## AVAILABLE RECORDS
=== Section Start ===
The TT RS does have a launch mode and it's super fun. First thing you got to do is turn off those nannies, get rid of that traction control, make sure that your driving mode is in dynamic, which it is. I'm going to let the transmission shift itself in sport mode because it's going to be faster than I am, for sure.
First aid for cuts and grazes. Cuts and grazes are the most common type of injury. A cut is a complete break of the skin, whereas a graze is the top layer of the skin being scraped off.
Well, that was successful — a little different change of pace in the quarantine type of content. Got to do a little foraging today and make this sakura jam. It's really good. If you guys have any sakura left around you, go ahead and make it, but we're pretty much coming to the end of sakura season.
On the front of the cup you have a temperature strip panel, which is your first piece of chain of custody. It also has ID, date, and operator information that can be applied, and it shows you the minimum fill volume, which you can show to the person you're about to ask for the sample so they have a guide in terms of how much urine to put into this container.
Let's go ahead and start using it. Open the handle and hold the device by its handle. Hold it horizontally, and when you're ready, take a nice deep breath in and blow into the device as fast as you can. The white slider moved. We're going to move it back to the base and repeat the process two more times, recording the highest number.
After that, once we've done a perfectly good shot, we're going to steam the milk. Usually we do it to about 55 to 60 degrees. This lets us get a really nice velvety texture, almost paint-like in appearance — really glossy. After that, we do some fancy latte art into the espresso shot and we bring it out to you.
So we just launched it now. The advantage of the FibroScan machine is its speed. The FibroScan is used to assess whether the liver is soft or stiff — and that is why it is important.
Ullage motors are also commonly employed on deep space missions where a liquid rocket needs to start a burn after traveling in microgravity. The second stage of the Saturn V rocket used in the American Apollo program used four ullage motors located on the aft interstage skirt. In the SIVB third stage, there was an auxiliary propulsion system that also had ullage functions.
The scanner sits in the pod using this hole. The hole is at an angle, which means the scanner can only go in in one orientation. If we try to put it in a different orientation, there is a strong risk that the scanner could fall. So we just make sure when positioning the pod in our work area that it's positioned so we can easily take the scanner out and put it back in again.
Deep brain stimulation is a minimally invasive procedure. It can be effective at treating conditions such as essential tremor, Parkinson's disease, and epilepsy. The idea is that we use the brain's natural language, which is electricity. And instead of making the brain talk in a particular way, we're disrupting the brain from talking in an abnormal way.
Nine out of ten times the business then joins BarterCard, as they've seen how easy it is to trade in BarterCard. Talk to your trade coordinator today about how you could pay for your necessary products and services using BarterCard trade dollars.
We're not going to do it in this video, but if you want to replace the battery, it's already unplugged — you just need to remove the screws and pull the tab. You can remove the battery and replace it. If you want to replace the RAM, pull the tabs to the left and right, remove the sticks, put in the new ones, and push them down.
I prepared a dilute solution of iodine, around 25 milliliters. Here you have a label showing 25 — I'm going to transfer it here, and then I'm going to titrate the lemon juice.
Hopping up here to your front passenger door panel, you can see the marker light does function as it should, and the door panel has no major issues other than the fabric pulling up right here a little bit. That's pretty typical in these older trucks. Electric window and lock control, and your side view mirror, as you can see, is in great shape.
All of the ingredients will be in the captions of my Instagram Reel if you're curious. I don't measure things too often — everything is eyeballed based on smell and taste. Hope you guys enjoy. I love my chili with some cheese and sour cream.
=== Section End ===
## WORK ORDER
What you give back must match the material word for word.

## WRITTEN RESPONSE
The TT RS does have a launch mode and it's super fun. First thing you got to do is turn off those nannies, get rid of that traction control, make sure that your driving mode is in dynamic, which it is. I'm going to let the transmission shift itself in sport mode because it's going to be faster than I am, for sure.
First aid for cuts and grazes. Cuts and grazes are the most common type of injury. A cut is a complete break of the skin, whereas a graze is the top layer of the skin being scraped off.
Well, that was successful — a little different change of pace in the quarantine type of content. Got to do a little foraging today and make this sakura jam. It's really good. If you guys have any sakura left around you, go ahead and make it, but we're pretty much coming to the end of sakura season.
On the front of the cup you have a temperature strip panel, which is your first piece of chain of custody. It also has ID, date, and operator information that can be applied, and it shows you the minimum fill volume, which you can show to the person you're about to ask for the sample so they have a guide in terms of how much urine to put into this container.
Let's go ahead and start using it. Open the handle and hold the device by its handle. Hold it horizontally, and when you're ready, take a nice deep breath in and blow into the device as fast as you can. The white slider moved. We're going to move it back to the base and repeat the process two more times, recording the highest number.
After that, once we've done a perfectly good shot, we're going to steam the milk. Usually we do it to about 55 to 60 degrees. This lets us get a really nice velvety texture, almost paint-like in appearance — really glossy. After that, we do some fancy latte art into the espresso shot and we bring it out to you.
So we just launched it now. The advantage of the FibroScan machine is its speed. The FibroScan is used to assess whether the liver is soft or stiff — and that is why it is important.
Ullage motors are also commonly employed on deep space missions where a liquid rocket needs to start a burn after traveling in microgravity. The second stage of the Saturn V rocket used in the American Apollo program used four ullage motors located on the aft interstage skirt. In the SIVB third stage, there was an auxiliary propulsion system that also had ullage functions.
The scanner sits in the pod using this hole. The hole is at an angle, which means the scanner can only go in in one orientation. If we try to put it in a different orientation, there is a strong risk that the scanner could fall. So we just make sure when positioning the pod in our work area that it's positioned so we can easily take the scanner out and put it back in again.
Deep brain stimulation is a minimally invasive procedure. It can be effective at treating conditions such as essential tremor, Parkinson's disease, and epilepsy. The idea is that we use the brain's natural language, which is electricity. And instead of making the brain talk in a particular way, we're disrupting the brain from talking in an abnormal way.
Nine out of ten times the business then joins BarterCard, as they've seen how easy it is to trade in BarterCard. Talk to your trade coordinator today about how you could pay for your necessary products and services using BarterCard trade dollars.
We're not going to do it in this video, but if you want to replace the battery, it's already unplugged — you just need to remove the screws and pull the tab. You can remove the battery and replace it. If you want to replace the RAM, pull the tabs to the left and right, remove the sticks, put in the new ones, and push them down.
I prepared a dilute solution of iodine, around 25 milliliters. Here you have a label showing 25 — I'm going to transfer it here, and then I'm going to titrate the lemon juice.
Hopping up here to your front passenger door panel, you can see the marker light does function as it should, and the door panel has no major issues other than the fabric pulling up right here a little bit. That's pretty typical in these older trucks. Electric window and lock control, and your side view mirror, as you can see, is in great shape.
All of the ingredients will be in the captions of my Instagram Reel if you're curious. I don't measure things too often — everything is eyeballed based on smell and taste. Hope you guys enjoy. I love my chili with some cheese and sour cream.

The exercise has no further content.